Sorry, this is a long post:
I had a conversation with my JW friend the other night. I thought I'd recap some of the arguments presented even though I didn't get to touch on all of the different counter arguments I would have liked to present.
On "worldly" people: I tried to explain what it felt like when I first realized that derogatory comments were being said about non-witnesses. Being a "worldly" one, I was shocked by the endless diatribes towards people of other faiths. I started by reading comments I took from witness websites and even by relaying that awful poem written about marrying non-believers that was posted here a few days ago.
The response: SOME witnesses misunderstand what it means to be a witness. SOME witnesses go too far in their thoughts about "worldly" people. These types of people are not representative of what witnesses are really supposed to feel about outsiders.
Counter argument: I read excerpts from the magazines that thoroughly derided people of other faiths. I knew this would be risky as it might put him in full blown witness mode. And it did. He defended each statement. So I told him I was going to substitute a few words and re-read the statements. I substituted ethnic groups ("black people", "korean people") and he nearly fell over himself grabbing the paper from my hand. I pointed out how upset he became when I did that and tried to explain that that is excatly how I felt when I read those statements for the first time. His response was that they weren't racists and it was okay to classify other people in generalizations if they weren't part of his group but that they would never do that with race issues. So I guess my point was somewhat lost- well, it was worth a try.
On blood: I explained that I was uncomfortable with people reducing statements in the bible to "what they really mean when they say that". I explained that there were no blood fractions in the bible. I asked him to show me his blood card, which he did. He explained that the governing body used a panel of blood experts to determine which parts of blood were okay to use. I asked him teh following: why the governing body would go to such lengths to dissect "what the bible meant", were they using science to figure out what god meant, how did they know what would be an acceptable fraction to god (how does god speak to them)...etc.
The response: essentially it boiled down to whatever they governing body said, he'd do. So I brought up organ transplants again and explained that they had already made decisions that had cost people their lives, how does he know that they won't change their minds again? Bottom line to him was that he would do whatever they told him to do, even if it meant that he could lose his life and they might change the teaching later. (he attributed this to his faith in resurrection) He agreed that they probably would change their teaching on the blood issue at some point in the future.
Counter argument: He knows I'm a fair-minded person so I told him "Well, if I was on the governing body and I believed that the bible meant "no blood" and I believed that the "forbidden blood fractions" were among those listed on his card, then I would have to issue a statement disallowing meat-eating and breast milk. Either that, or I'd have to revisit my policies. He knows I don't support the blood ban but he could see why I would say that. In the end it was still "whatever they say goes" but it was worth a shot.
On growth as indicator of god's blessings:
He cited the society's growth rate as a reason he believed they were god's chosen people. I cited examples of other religions that had higher growth rates.

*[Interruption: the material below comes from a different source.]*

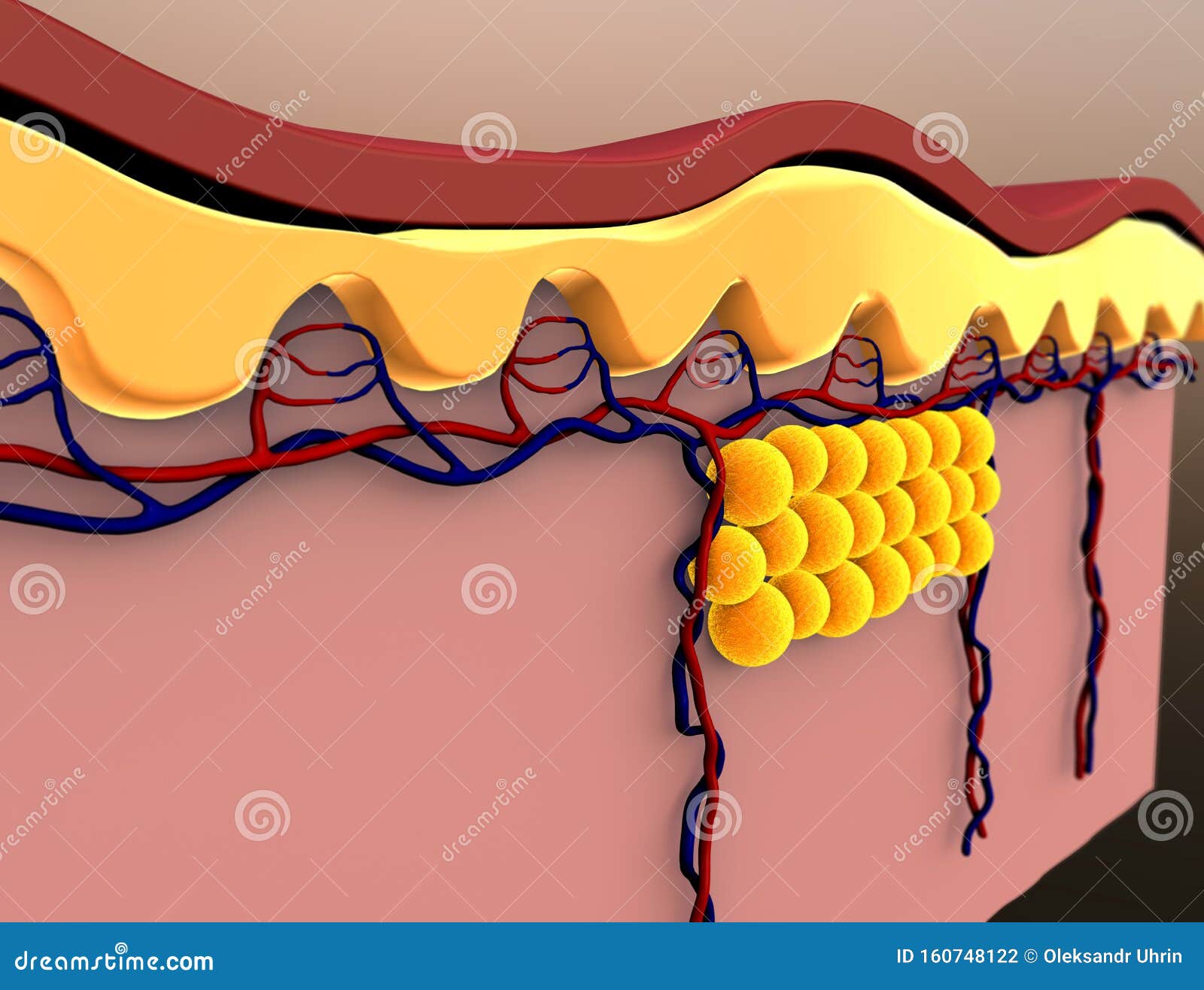 fat cells and vein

the response: The growth rates of other groups must be inflated by percentages or something. They probably aren't true.Besides, the growth rate is only one of the reasons he knows they have god's blessings.
(I probably should have mentioned the decline in publishers in Japan but I didn't want to clue my friend in to the depth of information I've been gleaning over time)
For the most part, this conversation - which was NOT supposed to be about his organization once again turned into a Yay Watchtower! situation. We were supposed to talk about something else but inevitably when we have heart to heart talks, it always comes down to his group.
A few points that forced me to bite my lip: He said he felt he couldn't learn anything about the bible from me. I cited an example where I told him something he didn't know. He said he actually knew it, but had forgotten. Ugh! Just for good measure, I asked a few questions about the bible that he didn't know the answer to and made passing reference to how we know relatively little about the person(s) who put the bible together in the form it's in today.
I wasn't particularly happy with how the conversation went- particularly since it wasn't personal and we were supposed to be having a personal conversation. However, it does provide me with some insight into how he thinks. Usually he isn't particularly forthcoming about his feelings on his religion. Our friendship developed primarily because we didn't talk about religion (part of the reason i didn't realize the extent of the issue until well after knowing him). If anyone can provide any further ideas about the type of thinker he appears to be, I'll be happy to hear them. Sometimes another viewpoint might prove beneficial which is why I'm putting this out there. Thanks.